• _What you will do_
Transcribe the records below exactly as they appear, omitting any pictures.

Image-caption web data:
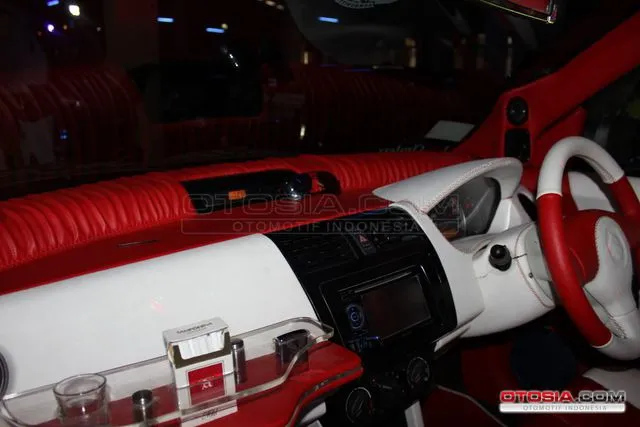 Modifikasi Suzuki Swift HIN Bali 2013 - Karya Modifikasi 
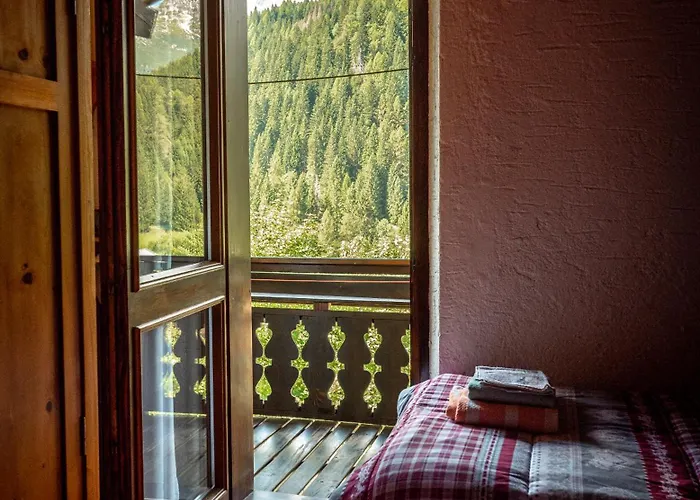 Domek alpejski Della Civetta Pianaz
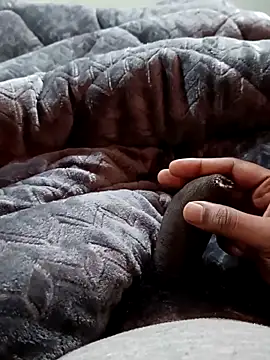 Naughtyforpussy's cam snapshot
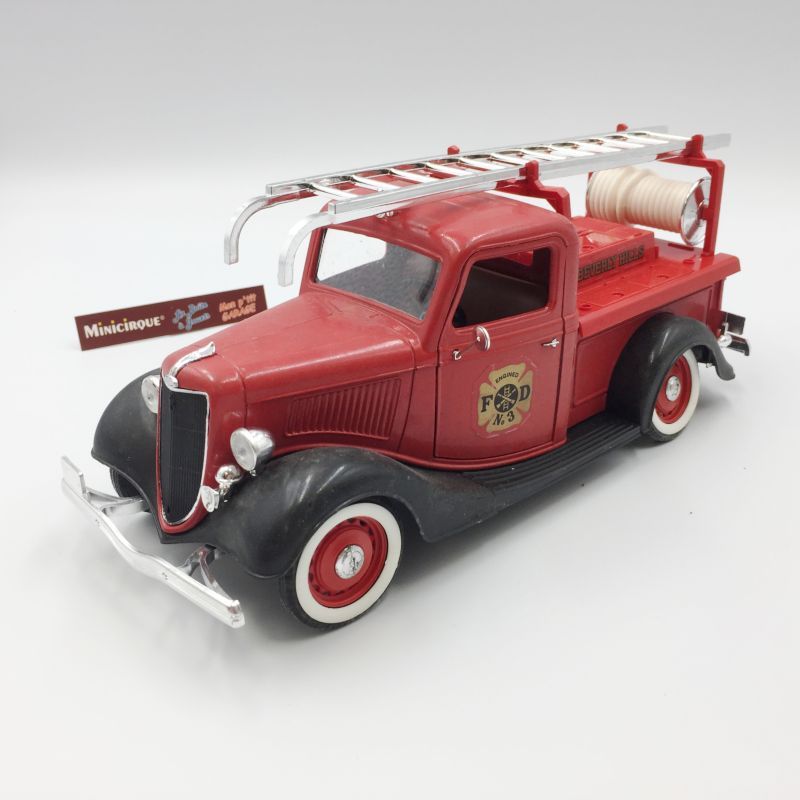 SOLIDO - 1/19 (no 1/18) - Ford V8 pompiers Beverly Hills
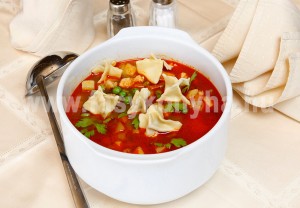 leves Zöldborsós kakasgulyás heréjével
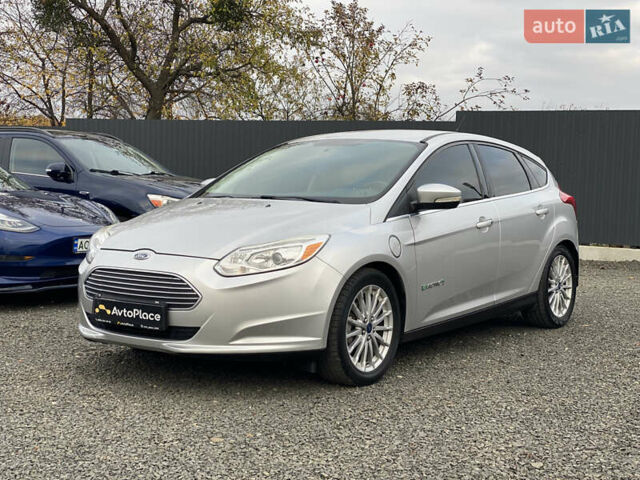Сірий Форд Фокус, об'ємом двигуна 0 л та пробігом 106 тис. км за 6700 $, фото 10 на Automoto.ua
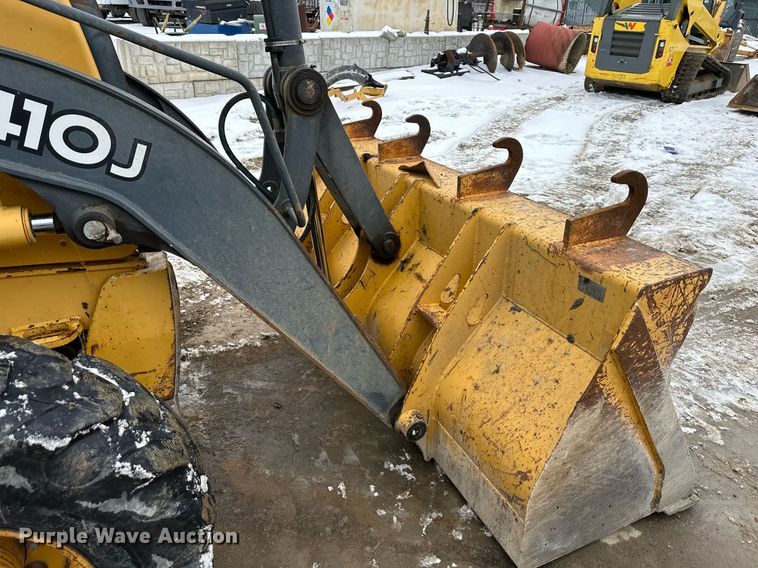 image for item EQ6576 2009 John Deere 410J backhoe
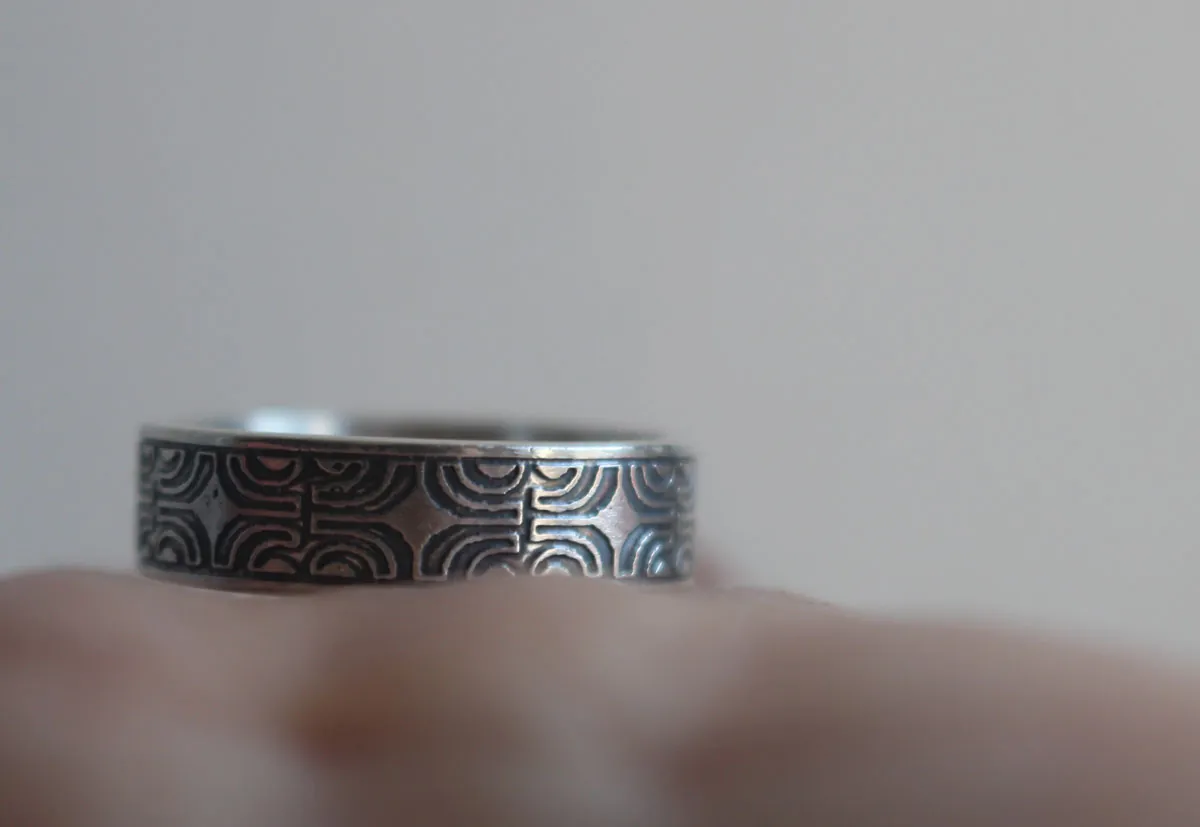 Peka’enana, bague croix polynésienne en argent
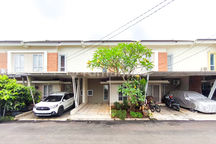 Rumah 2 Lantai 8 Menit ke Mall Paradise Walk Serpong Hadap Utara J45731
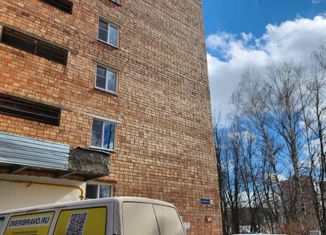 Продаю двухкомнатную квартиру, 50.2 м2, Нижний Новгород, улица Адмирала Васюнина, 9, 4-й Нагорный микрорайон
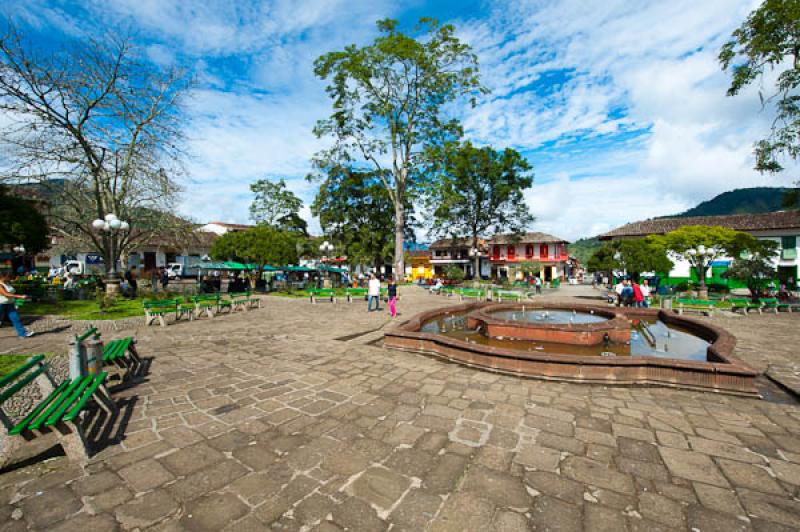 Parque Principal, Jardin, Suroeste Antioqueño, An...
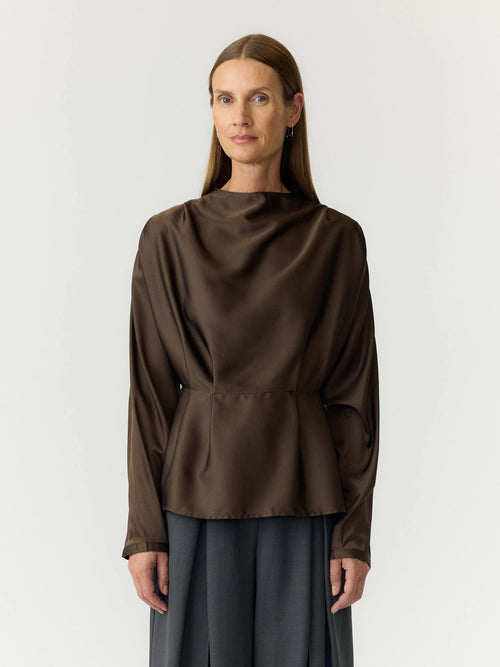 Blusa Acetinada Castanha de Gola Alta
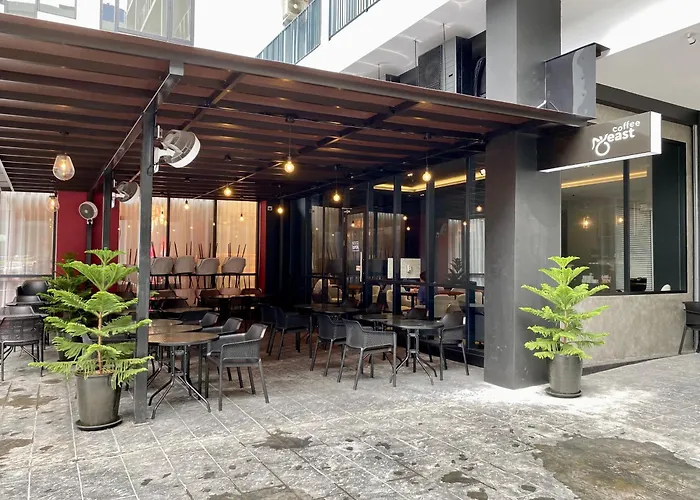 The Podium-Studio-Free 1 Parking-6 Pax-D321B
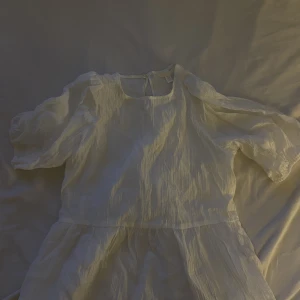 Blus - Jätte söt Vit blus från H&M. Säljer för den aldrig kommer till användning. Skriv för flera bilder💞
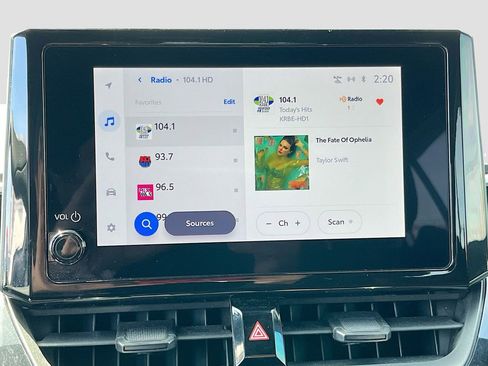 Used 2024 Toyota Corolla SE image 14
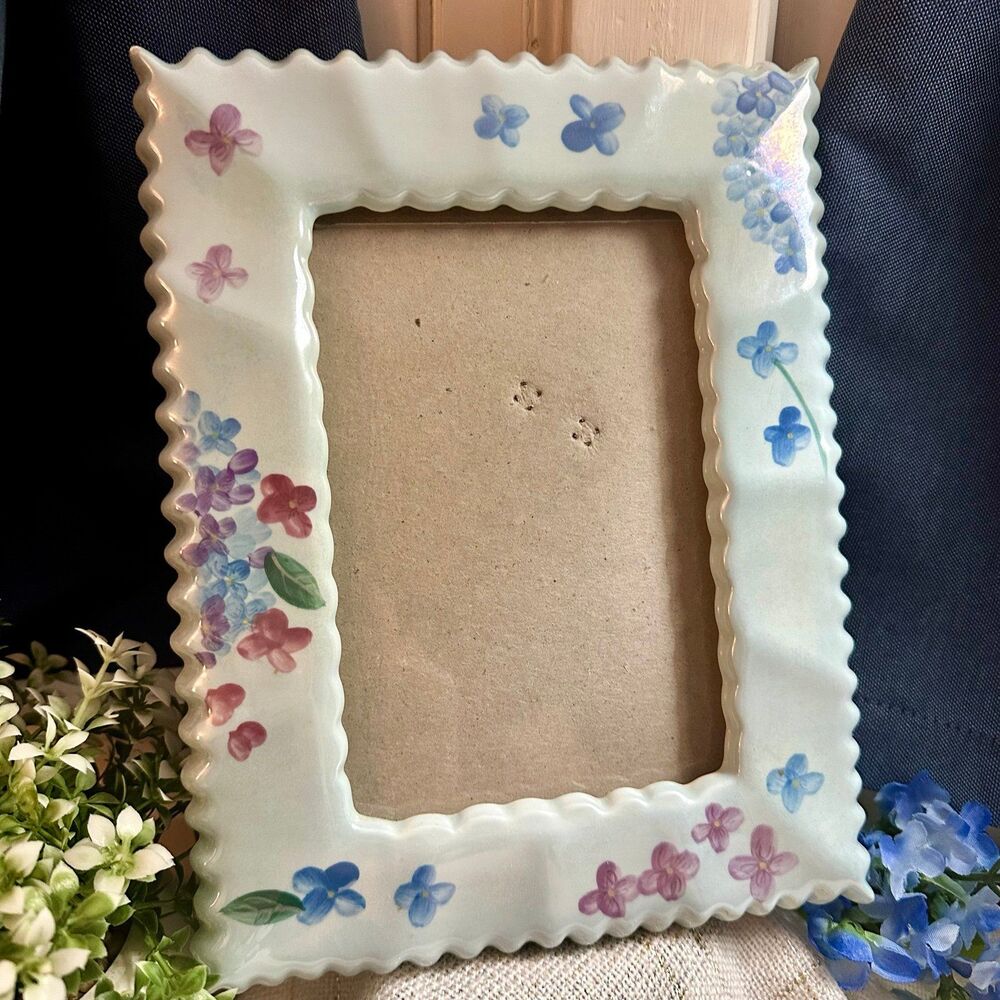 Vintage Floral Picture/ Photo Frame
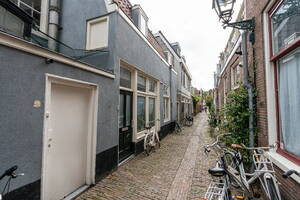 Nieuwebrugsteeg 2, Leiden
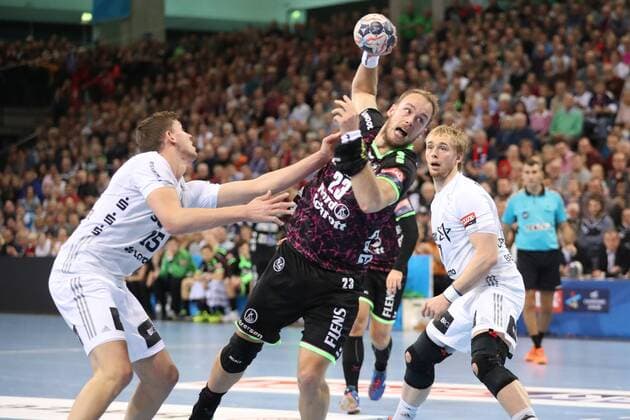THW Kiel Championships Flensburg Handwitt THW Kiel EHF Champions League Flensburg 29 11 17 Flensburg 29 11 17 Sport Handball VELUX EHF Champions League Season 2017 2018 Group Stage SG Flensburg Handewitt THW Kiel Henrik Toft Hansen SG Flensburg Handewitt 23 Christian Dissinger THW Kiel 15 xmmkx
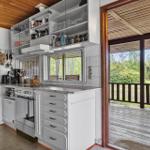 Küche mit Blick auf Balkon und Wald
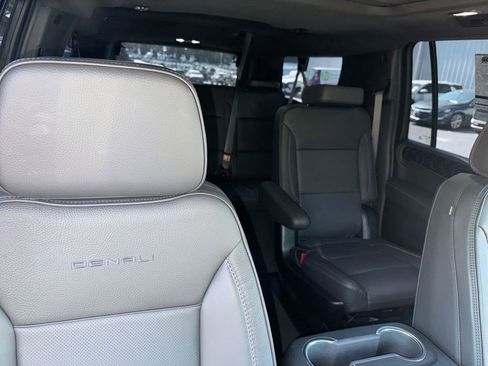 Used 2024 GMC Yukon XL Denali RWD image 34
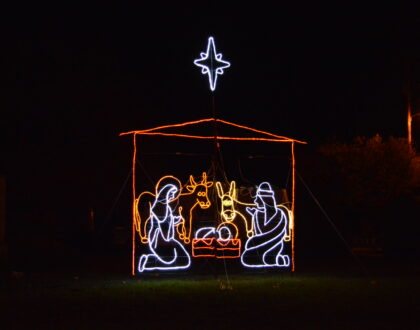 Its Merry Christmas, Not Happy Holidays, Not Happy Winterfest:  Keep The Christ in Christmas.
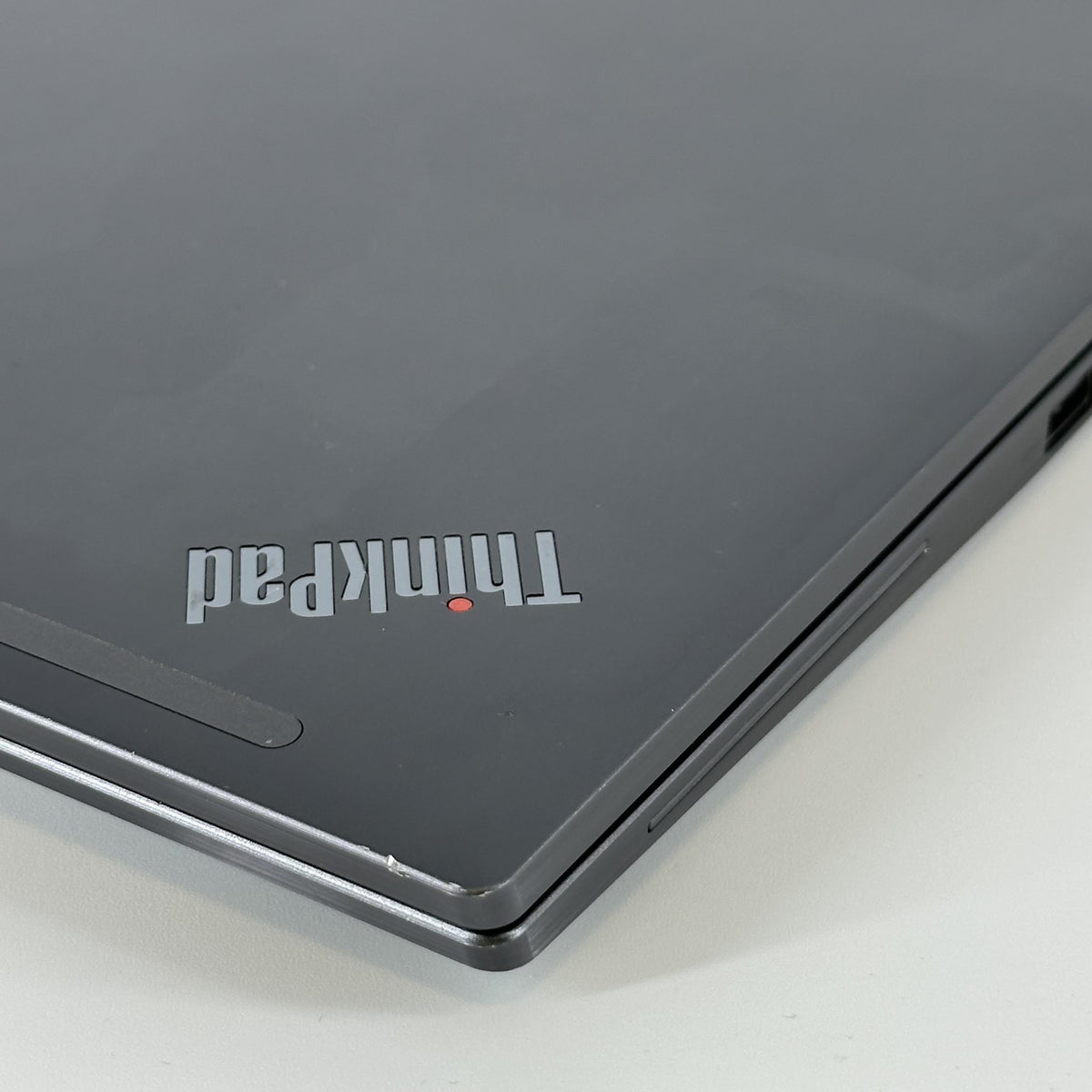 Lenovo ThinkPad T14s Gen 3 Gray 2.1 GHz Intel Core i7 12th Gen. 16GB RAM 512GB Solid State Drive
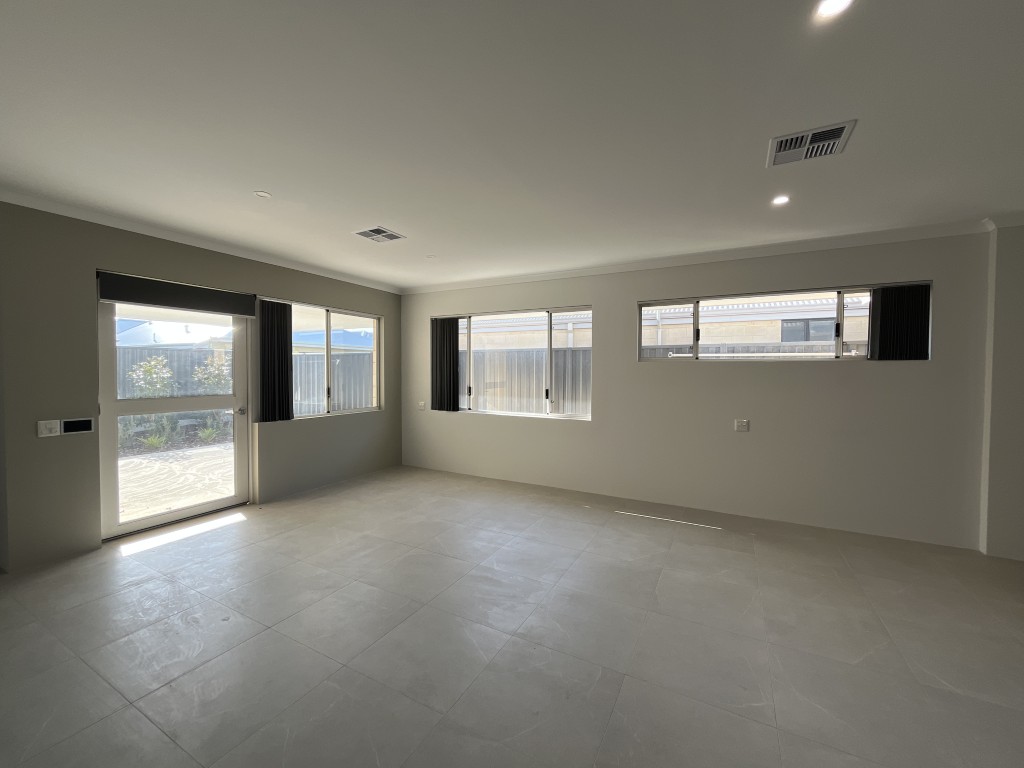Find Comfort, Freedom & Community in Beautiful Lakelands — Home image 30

• _Output below_
 Modifikasi Suzuki Swift HIN Bali 2013 - Karya Modifikasi 
 Domek alpejski Della Civetta Pianaz
 Naughtyforpussy's cam snapshot
 SOLIDO - 1/19 (no 1/18) - Ford V8 pompiers Beverly Hills
 leves Zöldborsós kakasgulyás heréjével
Сірий Форд Фокус, об'ємом двигуна 0 л та пробігом 106 тис. км за 6700 $, фото 10 на Automoto.ua
 image for item EQ6576 2009 John Deere 410J backhoe
 Peka’enana, bague croix polynésienne en argent
 Rumah 2 Lantai 8 Menit ke Mall Paradise Walk Serpong Hadap Utara J45731
 Продаю двухкомнатную квартиру, 50.2 м2, Нижний Новгород, улица Адмирала Васюнина, 9, 4-й Нагорный микрорайон
 Parque Principal, Jardin, Suroeste Antioqueño, An...
 Blusa Acetinada Castanha de Gola Alta
 The Podium-Studio-Free 1 Parking-6 Pax-D321B
 Blus - Jätte söt Vit blus från H&M. Säljer för den aldrig kommer till användning. Skriv för flera bilder💞
 Used 2024 Toyota Corolla SE image 14
 Vintage Floral Picture/ Photo Frame
 Nieuwebrugsteeg 2, Leiden
THW Kiel Championships Flensburg Handwitt THW Kiel EHF Champions League Flensburg 29 11 17 Flensburg 29 11 17 Sport Handball VELUX EHF Champions League Season 2017 2018 Group Stage SG Flensburg Handewitt THW Kiel Henrik Toft Hansen SG Flensburg Handewitt 23 Christian Dissinger THW Kiel 15 xmmkx
 Küche mit Blick auf Balkon und Wald
 Used 2024 GMC Yukon XL Denali RWD image 34
 Its Merry Christmas, Not Happy Holidays, Not Happy Winterfest:  Keep The Christ in Christmas.
 Lenovo ThinkPad T14s Gen 3 Gray 2.1 GHz Intel Core i7 12th Gen. 16GB RAM 512GB Solid State Drive
Find Comfort, Freedom & Community in Beautiful Lakelands — Home image 30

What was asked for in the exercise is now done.